I do not mean to nit pick on silly coding style stuff. I think it is 
easier to read lines like this:

if (status == CPL_ERR_CONN_EXIST&&
     csk->retry_timer.function != cxgb4i_sock_act_open_retry_timer) {


> +		csk->retry_timer.function = cxgb4i_sock_act_open_retry_timer;
> +		if (!mod_timer(&csk->retry_timer, jiffies + HZ / 2))
> +			cxgbi_sock_hold(csk);


There is no del_timer/del_timer_sync + cxgbi_sock_put for this timer.
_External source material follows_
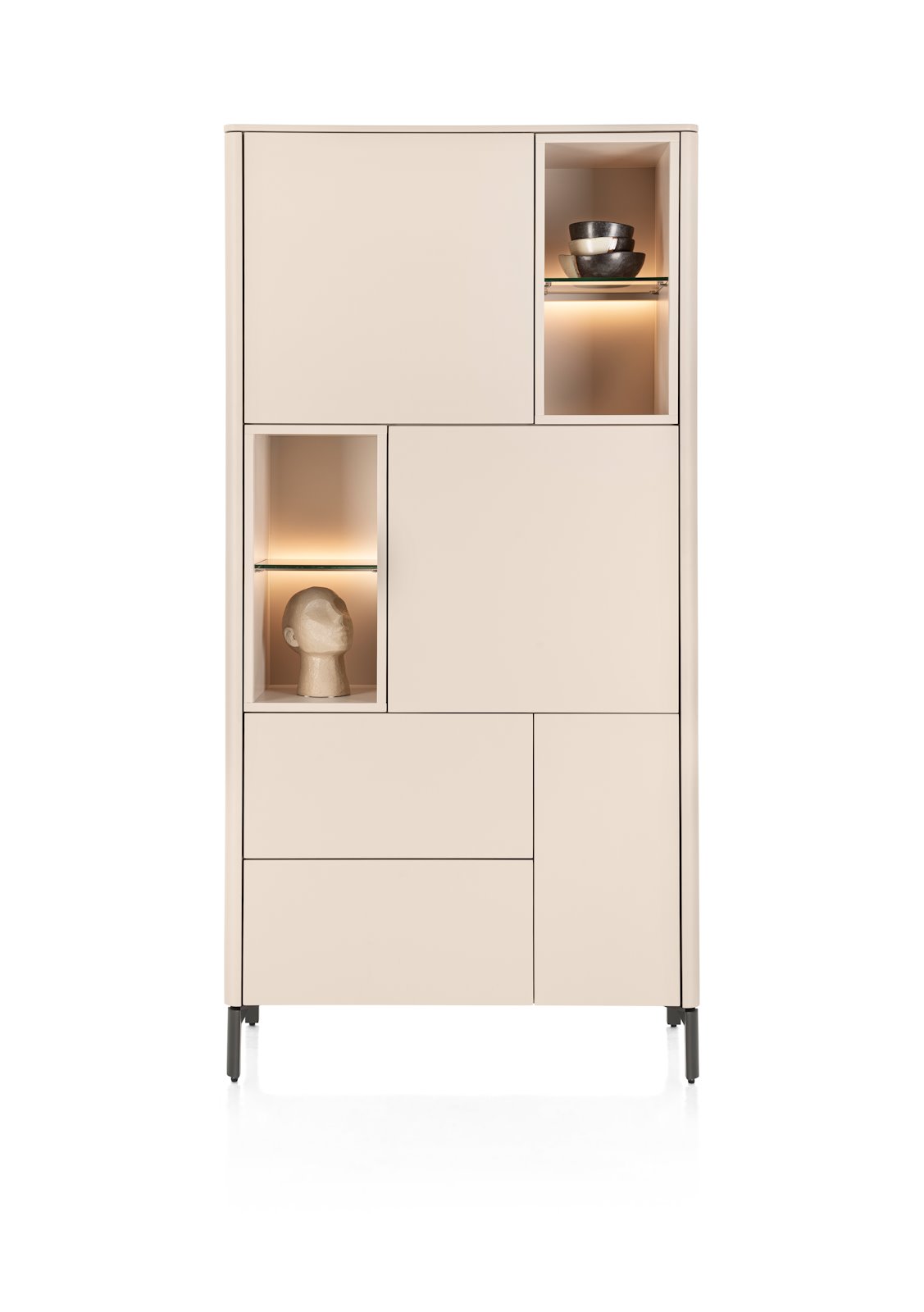 XOOON Schrank TRENTINO ca. B95 H190 T42 cm in MDF creme lackiert, Schrank, Vitrine, Beige, Aufbewahrung, Möbel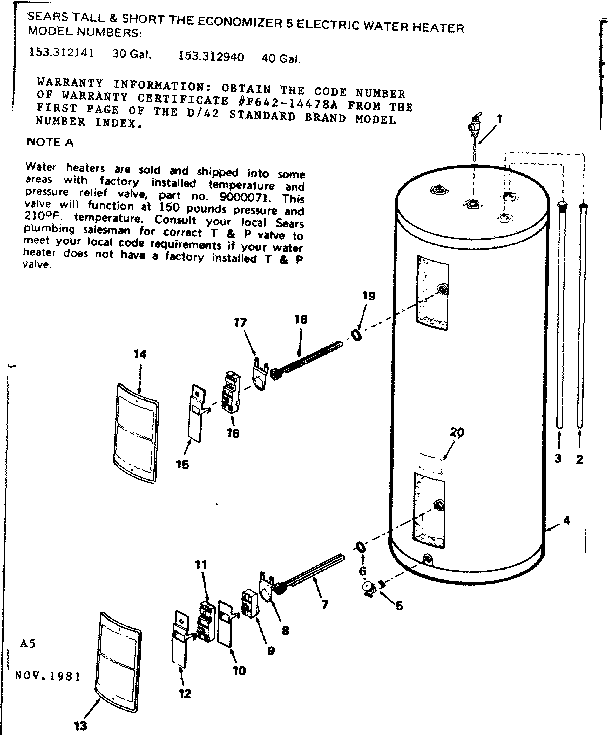 Replacement Parts Diagram and Parts List for 153312141  Kenmore Water Heater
If 
something cleans this csk up, what makes sure the timer gets stopped ok.

> +
> +static int cxgb4i_alloc_cpl_skbs(struct cxgbi_sock *csk)
> +{
> +	csk->cpl_close = alloc_skb(sizeof(struct cpl_close_con_req),
> +					GFP_KERNEL);
> +	if (!csk->cpl_close)
> +		return -ENOMEM;
> +	skb_put(csk->cpl_close, sizeof(struct cpl_close_con_req));
> +
> +	csk->cpl_abort_req = alloc_skb(sizeof(struct cpl_abort_req),
> +					GFP_KERNEL);
> +	if (!csk->cpl_abort_req)
> +		goto free_cpl_skbs;
> +	skb_put(csk->cpl_abort_req, sizeof(struct cpl_abort_req));
> +
> +	csk->cpl_abort_rpl = alloc_skb(sizeof(struct cpl_abort_rpl),
> +					GFP_KERNEL);


These should be GFP_NOIO in case we call them to relogin on a disk that 
has data that would have been needed to be written out to free up mem.

> +
> +struct cxgbi_sock *cxgb4i_sock_create(struct cxgb4i_snic *snic)
> +{
> +	struct cxgbi_sock *csk = NULL;
> +
> +	csk = kzalloc(sizeof(*csk), GFP_KERNEL);

Same as above.

> +
> +static int is_cxgb4_dev(struct net_device *dev, struct cxgb4i_snic *snic)
> +{
> +	struct net_device *ndev = dev;
> +	int i;
> +
> +	if (dev->priv_flags&  IFF_802_1Q_VLAN)
> +		ndev = vlan_dev_real_dev(dev);
> +
> +	for (i = 0; i<  snic->lldi.nports; i++) {
> +		if (ndev == snic->lldi.ports[i])
> +			return 1;
> +	}
> +
> +	return 0;
> +}
> +
> +static struct net_device *cxgb4i_find_egress_dev(struct net_device *root_dev,
> +						struct cxgb4i_snic *snic)
> +{
> +	while (root_dev) {
> +		if (root_dev->priv_flags&  IFF_802_1Q_VLAN)
> +			root_dev = vlan_dev_real_dev(root_dev);
> +		else if (is_cxgb4_dev(root_dev, snic))
> +			return root_dev;
> +		else
> +			return NULL;
> +	}
> +
> +	return NULL;
> +}
> +
> +static struct rtable *find_route(struct net_device *dev,
> +				__be32 saddr, __be32 daddr,
> +				__be16 sport, __be16 dport,
> +				u8 tos)
> +{
> +	struct rtable *rt;
> +	struct flowi fl = {
> +		.oif = dev ? dev->ifindex : 0,
> +		.nl_u = {
> +			.ip4_u = {
> +				.daddr = daddr,
> +				.saddr = saddr,
> +				.tos = tos }
> +			},
> +		.proto = IPPROTO_TCP,
> +		.uli_u = {
> +			.ports = {
> +				.sport = sport,
> +				.dport = dport }
> +			}
> +	};
> +
> +	if (ip_route_output_flow(dev ? dev_net(dev) :&init_net,
> +					&rt,&fl, NULL, 0))
> +		return NULL;
> +
> +	return rt;
> +}
> +


Those functions above look like the cxgb3i ones. Could they be in your lib?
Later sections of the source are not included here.